What is being asked: Word for word, transcribe every line from the one holding "CONVERSE JACK PURCELL" through the end of the records, but not the pictures.

==============================

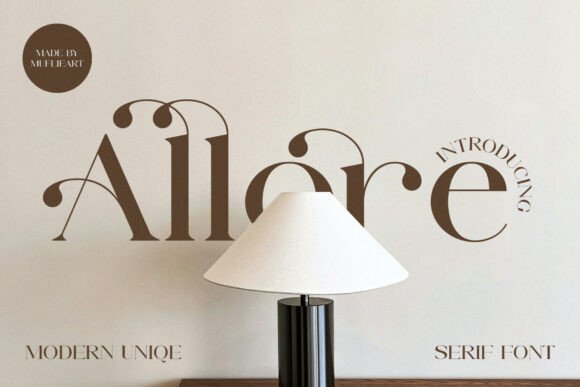 Define Your Brand's Signature with Allore
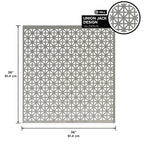 0.020 in. Mill Aluminum Sheet Union Jack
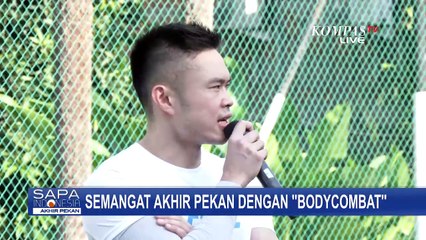 Yuk, Akhir Pekan dengan Berolahraga ''BodyCombat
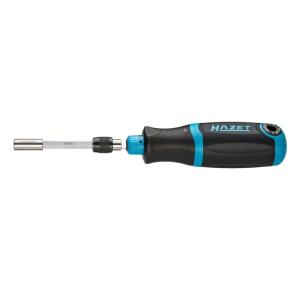 TOURNEVIS A CLIQUET PORTE EMBOUT AVEC MAGASIN DE 12 EMBOUTS INTEGRE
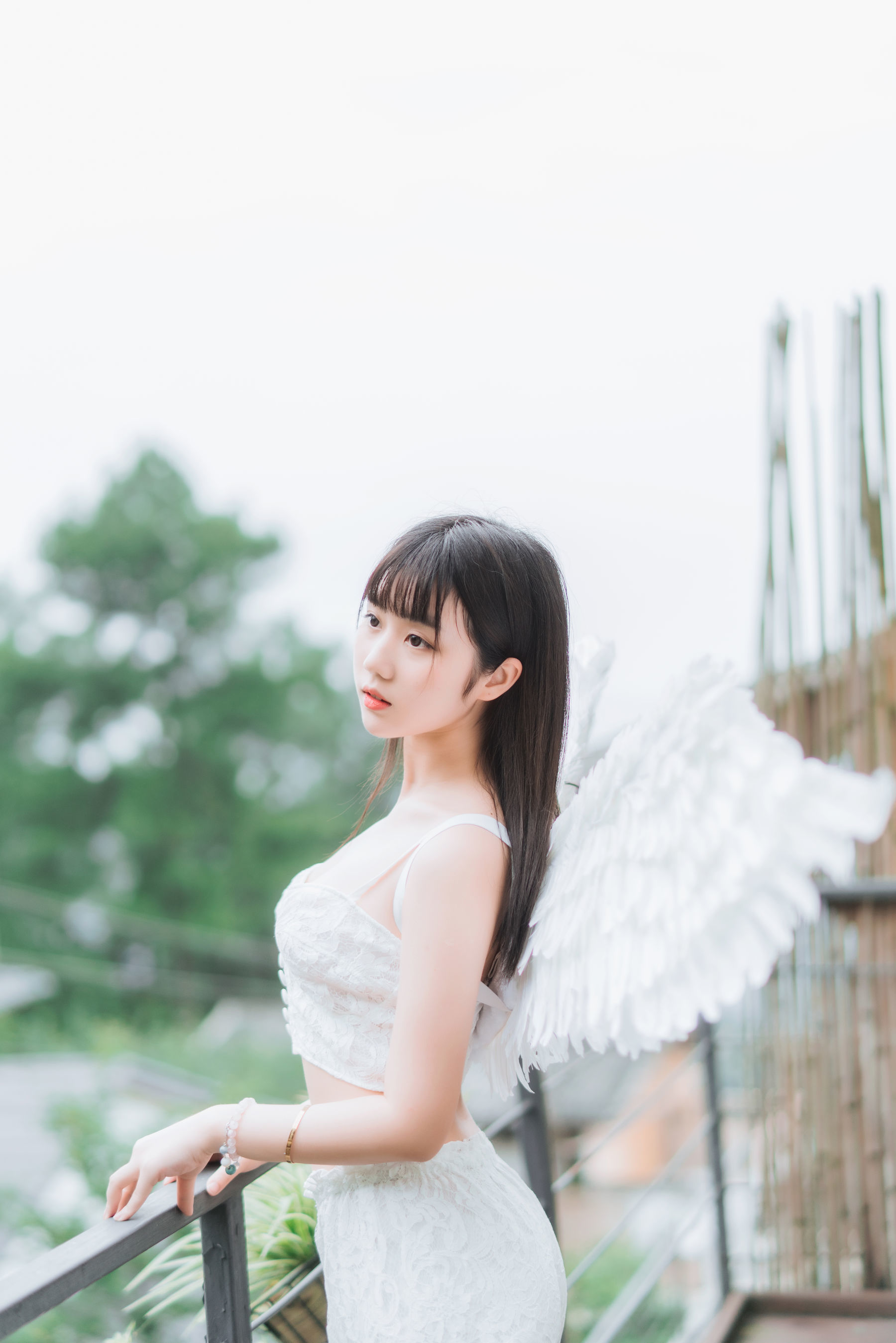 [网络美女] 镜酱 空镜 高清手机美女壁纸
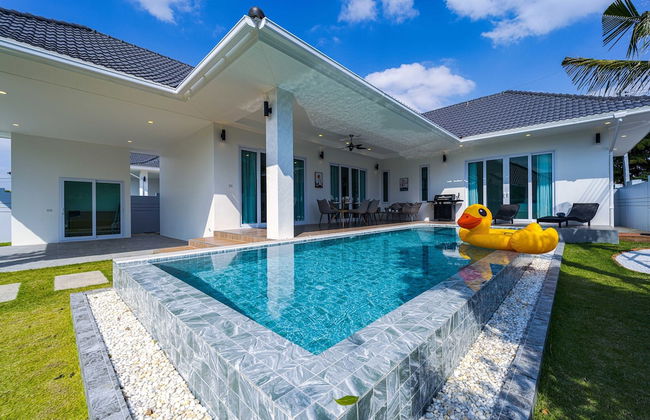 Private Modern 3 Bedroom Pool Villa- AV1 - Foto 59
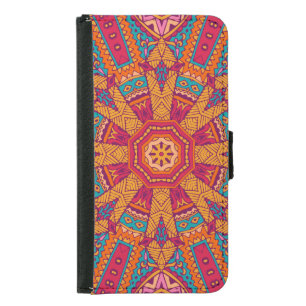 Colorful marble texture, high-resolution interior. samsung galaxy s5 wallet case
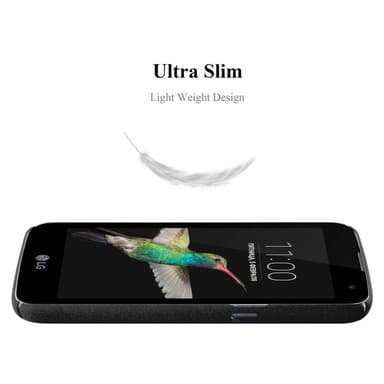 LG K4 2016 Skal Fodral Case (Svart)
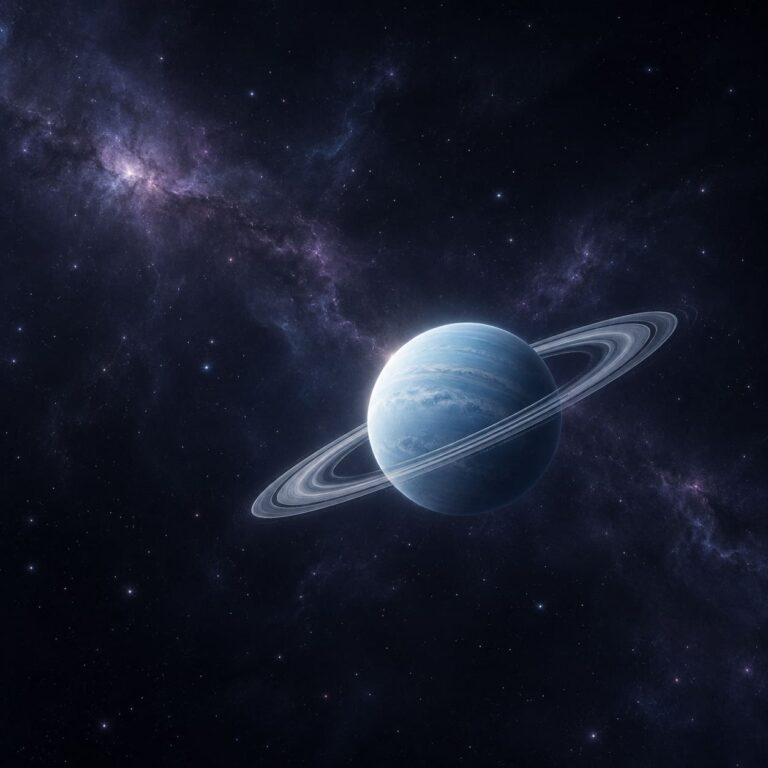 Fondo de pantalla para pc aesthetic planeta anillos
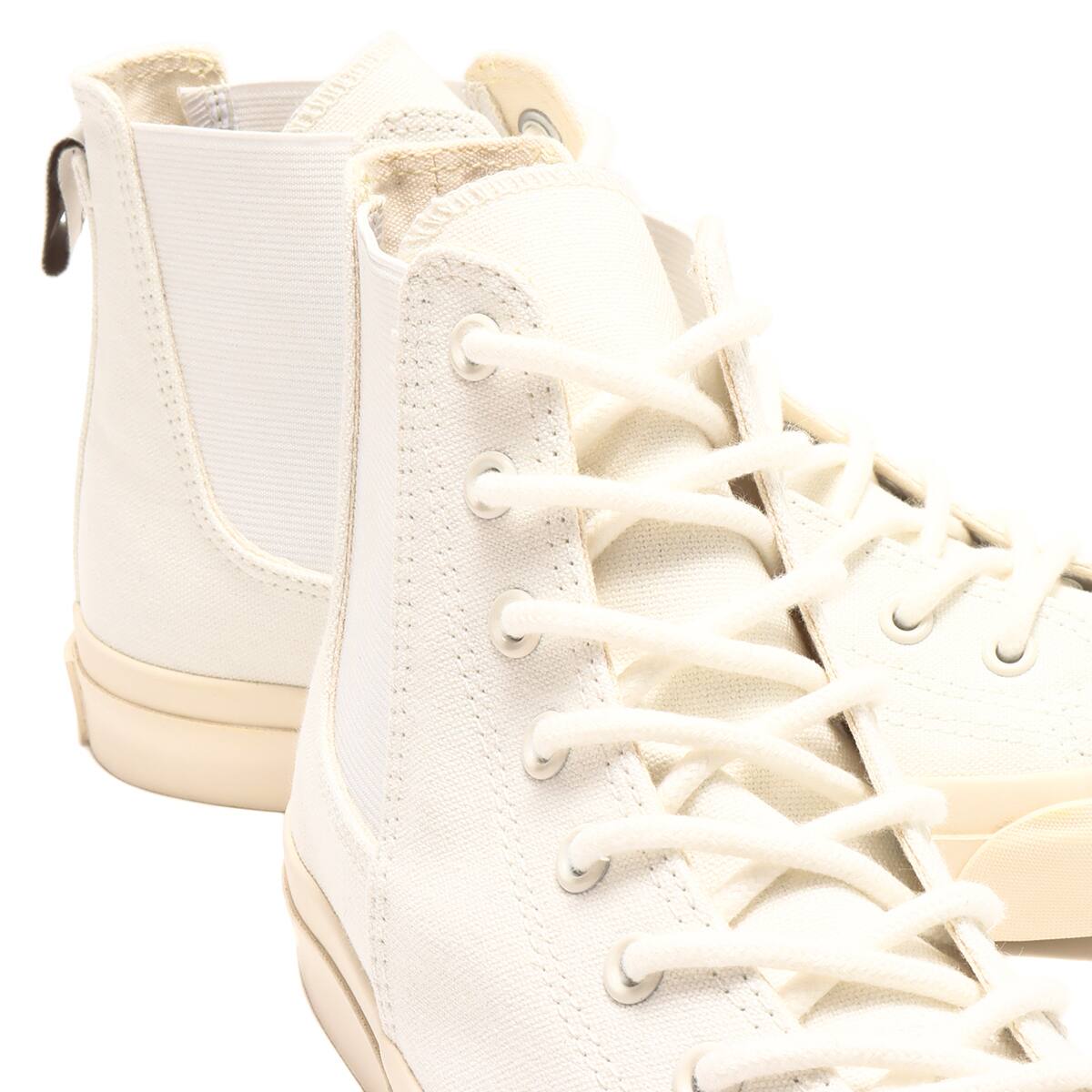 CONVERSE JACK PURCELL SIDEGORE HI RH WHITE 22FW-Iの画像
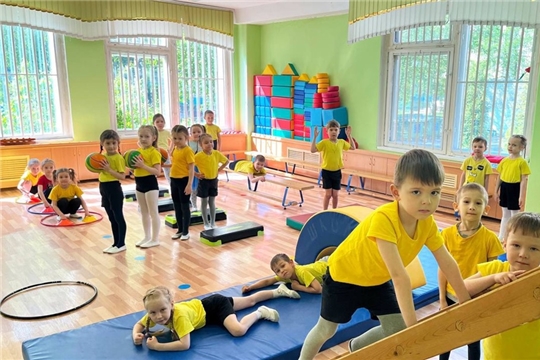 Дополнительный кружок "Спортландия"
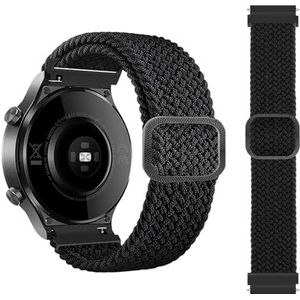 Seminer Bracelet de montre de 20 mm compatible avec Samsung Galaxy Watch 4/5/6 40 mm 44 mm/Watch 6 Classic/Watch 5 Pro/Active 2, Garmin Forerunner 245/245 Music/265, bracelet de sport en nylon pour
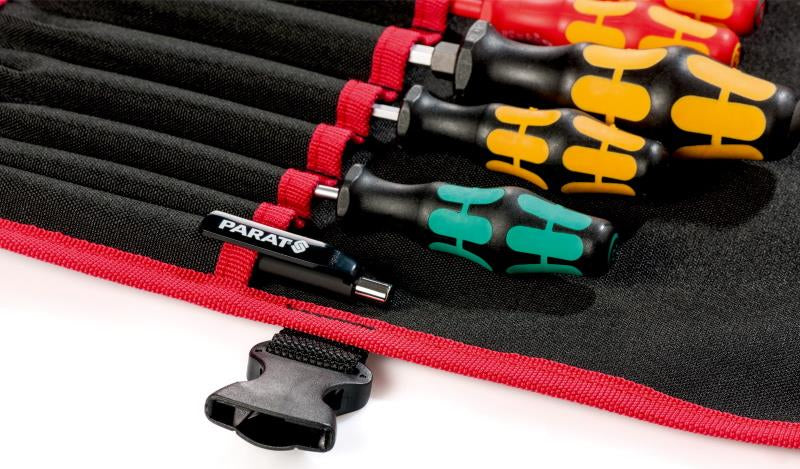 Калъф с пластмасова закопчалка BASIC Roll-Up Case 20 Ш74x33x0,5см синтетичен текстил 20 джоба PARAT, 5990829991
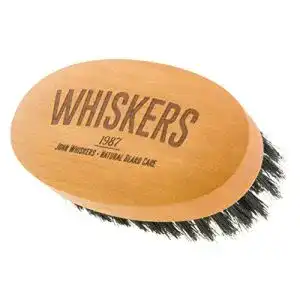 Bartbürste John Whiskers, reine Wildschweinborsten, medium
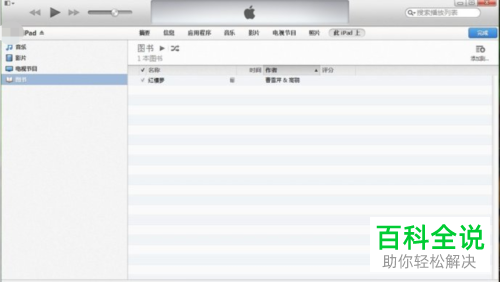 如何通过电脑访问iPad文件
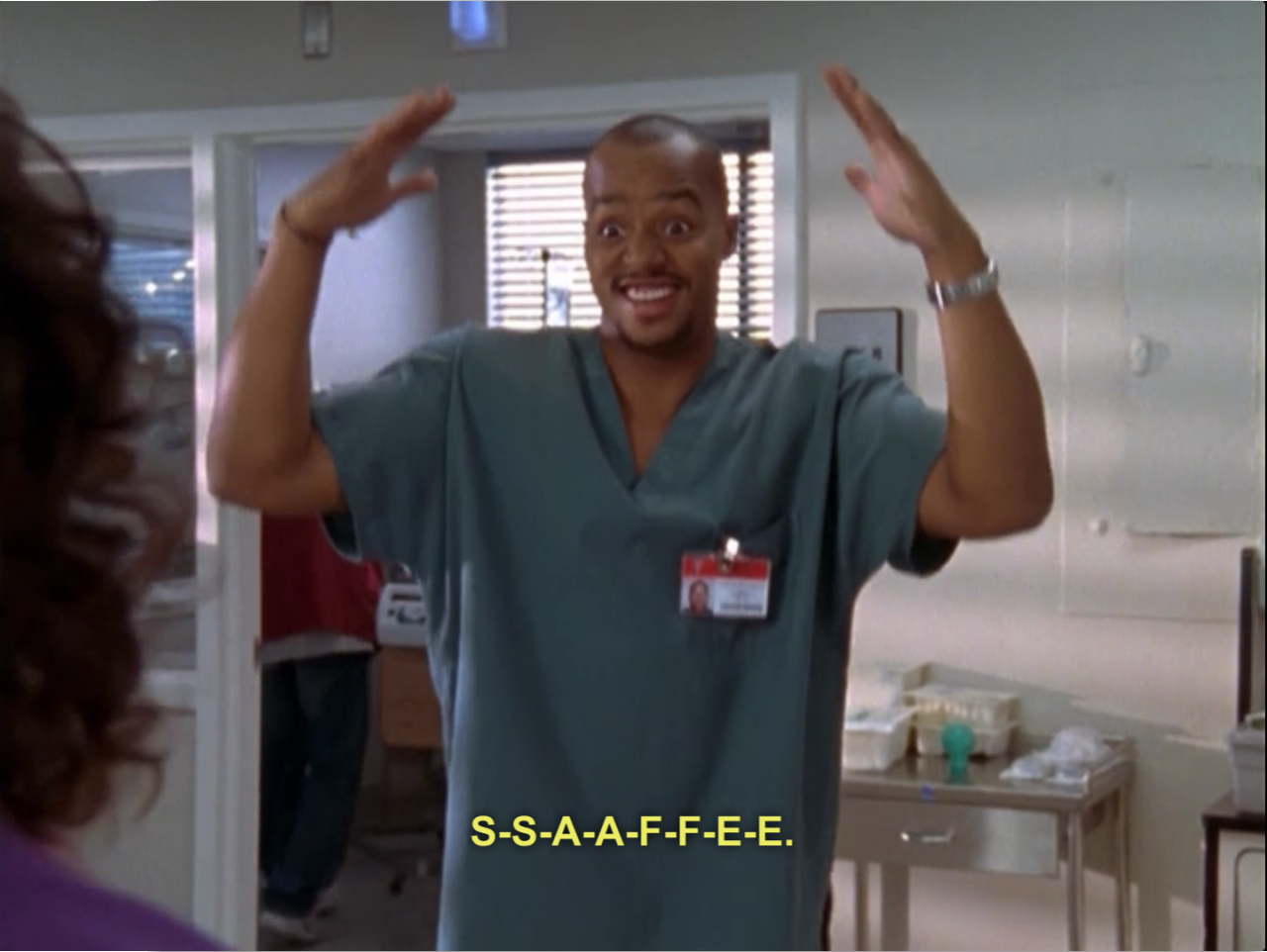 serendipity-creek:  hex-girlfriend:  An appropriate response   I 💜 scrubs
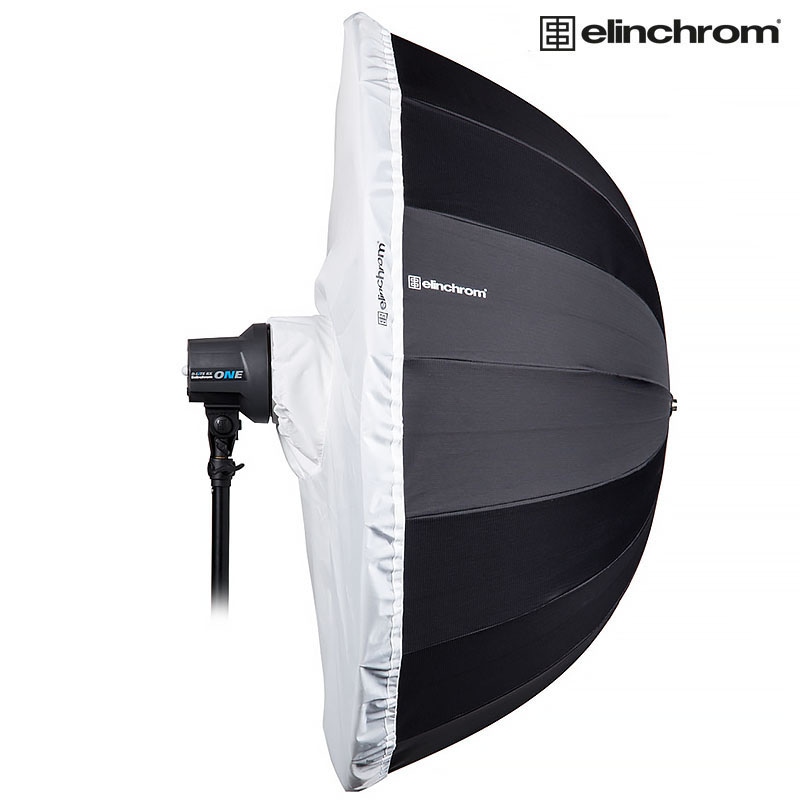 Elinchrom Paraply 125cm Deep Vit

==============================

Finished exercise:
 CONVERSE JACK PURCELL SIDEGORE HI RH WHITE 22FW-Iの画像
 Дополнительный кружок "Спортландия"
 Seminer Bracelet de montre de 20 mm compatible avec Samsung Galaxy Watch 4/5/6 40 mm 44 mm/Watch 6 Classic/Watch 5 Pro/Active 2, Garmin Forerunner 245/245 Music/265, bracelet de sport en nylon pour
 Калъф с пластмасова закопчалка BASIC Roll-Up Case 20 Ш74x33x0,5см синтетичен текстил 20 джоба PARAT, 5990829991
 Bartbürste John Whiskers, reine Wildschweinborsten, medium
 如何通过电脑访问iPad文件
 serendipity-creek:  hex-girlfriend:  An appropriate response   I 💜 scrubs
 Elinchrom Paraply 125cm Deep Vit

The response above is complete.